=== Section Start ===

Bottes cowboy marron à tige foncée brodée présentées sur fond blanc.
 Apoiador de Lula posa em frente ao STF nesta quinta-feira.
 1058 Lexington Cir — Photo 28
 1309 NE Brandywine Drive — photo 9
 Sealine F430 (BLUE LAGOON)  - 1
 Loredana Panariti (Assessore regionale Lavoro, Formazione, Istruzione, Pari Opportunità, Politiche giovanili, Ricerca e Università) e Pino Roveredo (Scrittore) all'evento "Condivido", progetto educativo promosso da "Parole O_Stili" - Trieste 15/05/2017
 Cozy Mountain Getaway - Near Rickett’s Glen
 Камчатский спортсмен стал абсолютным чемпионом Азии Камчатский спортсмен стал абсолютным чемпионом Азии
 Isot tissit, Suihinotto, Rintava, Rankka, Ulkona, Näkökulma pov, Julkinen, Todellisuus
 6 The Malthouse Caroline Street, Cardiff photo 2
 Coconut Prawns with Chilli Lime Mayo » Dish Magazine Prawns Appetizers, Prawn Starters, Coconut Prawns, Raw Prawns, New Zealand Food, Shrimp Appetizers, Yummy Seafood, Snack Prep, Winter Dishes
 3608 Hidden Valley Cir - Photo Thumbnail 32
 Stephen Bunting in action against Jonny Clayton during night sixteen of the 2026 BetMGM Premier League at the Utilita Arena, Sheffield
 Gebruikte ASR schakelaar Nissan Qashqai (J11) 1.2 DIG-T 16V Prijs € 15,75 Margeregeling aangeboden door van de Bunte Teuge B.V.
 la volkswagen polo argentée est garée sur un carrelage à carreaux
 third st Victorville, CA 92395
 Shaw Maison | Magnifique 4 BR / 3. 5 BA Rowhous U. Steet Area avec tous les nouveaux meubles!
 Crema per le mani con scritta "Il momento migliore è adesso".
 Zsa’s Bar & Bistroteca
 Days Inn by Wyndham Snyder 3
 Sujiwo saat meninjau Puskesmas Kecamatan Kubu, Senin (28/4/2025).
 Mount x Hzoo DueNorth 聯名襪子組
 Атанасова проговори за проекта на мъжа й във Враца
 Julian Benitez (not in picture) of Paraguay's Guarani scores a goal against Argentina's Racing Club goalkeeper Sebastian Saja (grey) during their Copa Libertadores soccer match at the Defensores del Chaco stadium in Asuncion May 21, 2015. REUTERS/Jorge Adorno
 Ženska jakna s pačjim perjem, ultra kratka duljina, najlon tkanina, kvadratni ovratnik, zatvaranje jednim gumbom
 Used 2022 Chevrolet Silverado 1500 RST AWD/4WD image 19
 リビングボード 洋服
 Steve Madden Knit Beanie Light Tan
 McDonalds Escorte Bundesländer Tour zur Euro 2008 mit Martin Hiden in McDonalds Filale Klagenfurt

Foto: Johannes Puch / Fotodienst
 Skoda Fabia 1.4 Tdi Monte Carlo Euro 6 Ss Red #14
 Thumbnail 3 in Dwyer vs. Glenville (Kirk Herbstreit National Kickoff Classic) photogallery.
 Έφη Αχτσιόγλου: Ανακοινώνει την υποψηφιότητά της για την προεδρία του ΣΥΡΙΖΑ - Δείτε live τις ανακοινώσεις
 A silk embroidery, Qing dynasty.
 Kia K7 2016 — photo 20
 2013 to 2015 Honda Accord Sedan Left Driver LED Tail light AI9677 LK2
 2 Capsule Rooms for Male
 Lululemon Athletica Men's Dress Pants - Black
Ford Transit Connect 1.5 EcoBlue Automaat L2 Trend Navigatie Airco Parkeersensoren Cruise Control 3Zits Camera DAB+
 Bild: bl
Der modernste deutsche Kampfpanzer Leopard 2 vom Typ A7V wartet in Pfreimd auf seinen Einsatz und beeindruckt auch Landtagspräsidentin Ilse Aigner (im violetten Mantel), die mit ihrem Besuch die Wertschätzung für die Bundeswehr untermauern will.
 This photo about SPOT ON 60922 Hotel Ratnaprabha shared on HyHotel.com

=== Section End ===

ABOUT THIS TASK: All of the material above must be transcribed exactly, with no line dropped.

COMPLETED EXERCISE:
Bottes cowboy marron à tige foncée brodée présentées sur fond blanc.
 Apoiador de Lula posa em frente ao STF nesta quinta-feira.
 1058 Lexington Cir — Photo 28
 1309 NE Brandywine Drive — photo 9
 Sealine F430 (BLUE LAGOON)  - 1
 Loredana Panariti (Assessore regionale Lavoro, Formazione, Istruzione, Pari Opportunità, Politiche giovanili, Ricerca e Università) e Pino Roveredo (Scrittore) all'evento "Condivido", progetto educativo promosso da "Parole O_Stili" - Trieste 15/05/2017
 Cozy Mountain Getaway - Near Rickett’s Glen
 Камчатский спортсмен стал абсолютным чемпионом Азии Камчатский спортсмен стал абсолютным чемпионом Азии
 Isot tissit, Suihinotto, Rintava, Rankka, Ulkona, Näkökulma pov, Julkinen, Todellisuus
 6 The Malthouse Caroline Street, Cardiff photo 2
 Coconut Prawns with Chilli Lime Mayo » Dish Magazine Prawns Appetizers, Prawn Starters, Coconut Prawns, Raw Prawns, New Zealand Food, Shrimp Appetizers, Yummy Seafood, Snack Prep, Winter Dishes
 3608 Hidden Valley Cir - Photo Thumbnail 32
 Stephen Bunting in action against Jonny Clayton during night sixteen of the 2026 BetMGM Premier League at the Utilita Arena, Sheffield
 Gebruikte ASR schakelaar Nissan Qashqai (J11) 1.2 DIG-T 16V Prijs € 15,75 Margeregeling aangeboden door van de Bunte Teuge B.V.
 la volkswagen polo argentée est garée sur un carrelage à carreaux
 third st Victorville, CA 92395
 Shaw Maison | Magnifique 4 BR / 3. 5 BA Rowhous U. Steet Area avec tous les nouveaux meubles!
 Crema per le mani con scritta "Il momento migliore è adesso".
 Zsa’s Bar & Bistroteca
 Days Inn by Wyndham Snyder 3
 Sujiwo saat meninjau Puskesmas Kecamatan Kubu, Senin (28/4/2025).
 Mount x Hzoo DueNorth 聯名襪子組
 Атанасова проговори за проекта на мъжа й във Враца
 Julian Benitez (not in picture) of Paraguay's Guarani scores a goal against Argentina's Racing Club goalkeeper Sebastian Saja (grey) during their Copa Libertadores soccer match at the Defensores del Chaco stadium in Asuncion May 21, 2015. REUTERS/Jorge Adorno
 Ženska jakna s pačjim perjem, ultra kratka duljina, najlon tkanina, kvadratni ovratnik, zatvaranje jednim gumbom
 Used 2022 Chevrolet Silverado 1500 RST AWD/4WD image 19
 リビングボード 洋服
 Steve Madden Knit Beanie Light Tan
 McDonalds Escorte Bundesländer Tour zur Euro 2008 mit Martin Hiden in McDonalds Filale Klagenfurt

Foto: Johannes Puch / Fotodienst
 Skoda Fabia 1.4 Tdi Monte Carlo Euro 6 Ss Red #14
 Thumbnail 3 in Dwyer vs. Glenville (Kirk Herbstreit National Kickoff Classic) photogallery.
 Έφη Αχτσιόγλου: Ανακοινώνει την υποψηφιότητά της για την προεδρία του ΣΥΡΙΖΑ - Δείτε live τις ανακοινώσεις
 A silk embroidery, Qing dynasty.
 Kia K7 2016 — photo 20
 2013 to 2015 Honda Accord Sedan Left Driver LED Tail light AI9677 LK2
 2 Capsule Rooms for Male
 Lululemon Athletica Men's Dress Pants - Black
Ford Transit Connect 1.5 EcoBlue Automaat L2 Trend Navigatie Airco Parkeersensoren Cruise Control 3Zits Camera DAB+
 Bild: bl
Der modernste deutsche Kampfpanzer Leopard 2 vom Typ A7V wartet in Pfreimd auf seinen Einsatz und beeindruckt auch Landtagspräsidentin Ilse Aigner (im violetten Mantel), die mit ihrem Besuch die Wertschätzung für die Bundeswehr untermauern will.
 This photo about SPOT ON 60922 Hotel Ratnaprabha shared on HyHotel.com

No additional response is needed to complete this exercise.